Has anyone succeeded in speeding up scikit-learn models using numba and jit compilaition. The specific models I am looking at are regression models such as Logistic Regressions.

I am able to use numba to optimize the functions I write using sklearn models, but the model functions themselves are not affected by this and are not optimized, thus not providing a notable increase in speed. Is there are way to optimize the sklearn functions?

Any info about this would be much appreciated.

mzm
  • 373
  • 1
  • 6
  • 16

2 Answers2

9

Scikit-learn makes heavy use of numpy, most of which is written in C and already compiled (hence not eligible for JIT optimization).

Further, the LogisticRegression model is essentially LinearSVC with the appropriate loss function. I could be slightly wrong about that, but in any case, it uses LIBLINEAR to do the solving, which is again a compiled C library.

The makers of scikit-learn also make heavy use of one of the python-to-compiled systems, Pyrex I think, which again results in optimized machine compiled code ineligible for JIT compilation.

Andreus
  • 2,437
  • 14
  • 22
  • Thank you for you answer.
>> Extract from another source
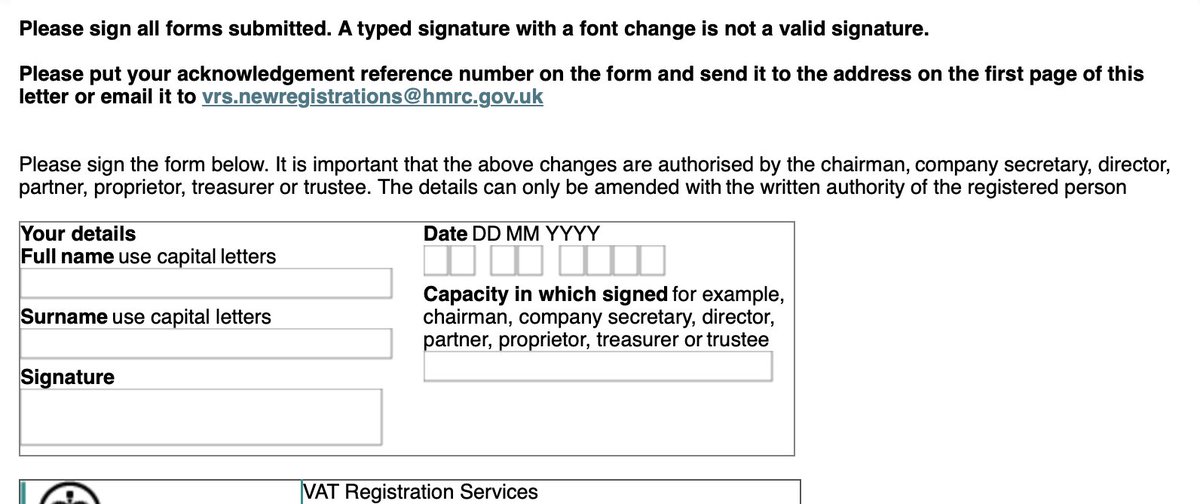 BenSFletcher's tweet photo. Hello @HMRCcustomers,

How exactly am I supposed to sign a form you've pasted into an email body when you specifically rule out electronic signatures?

Are you really asking me to print the email, sign it by hand, then scan it and send that? Doesn't seem very "making tax digital" https://t.co/707eQGTCA1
What can one use as alternative then? tensorflow? – Xiaoxiong Lin Feb 27 '20 at 16:35
  • In general, the scikit-learn models are very performant on multi-core systems. If you require the usage of GPUs to meet your performance, then yes, you must switch to something like TensorFlow and utilize GPU-optimized algorithms. – Andreus Mar 19 '21 at 16:01
  • 2
    The answer implies numba does not optimize numpy-heavy code which is not true. – Keto Feb 24 '22 at 05:39
  • I agree with @Keto. The docs say "numba [...] works best on code that uses NumPy arrays and functions, and loops." – Ali Pardhan May 31 '22 at 01:48
1

The @numba.vectorize for arrays and @numba.guvectorise for matricies, are decorators may help since they work to combine loop operations. They generate so called "ufunc"s which achieve this goal, but instead of having to manually write the c code yourself it generates it from the python input.

See: http://numba.pydata.org/numba-doc/dev/user/vectorize.html

joshring
  • 11
  • 1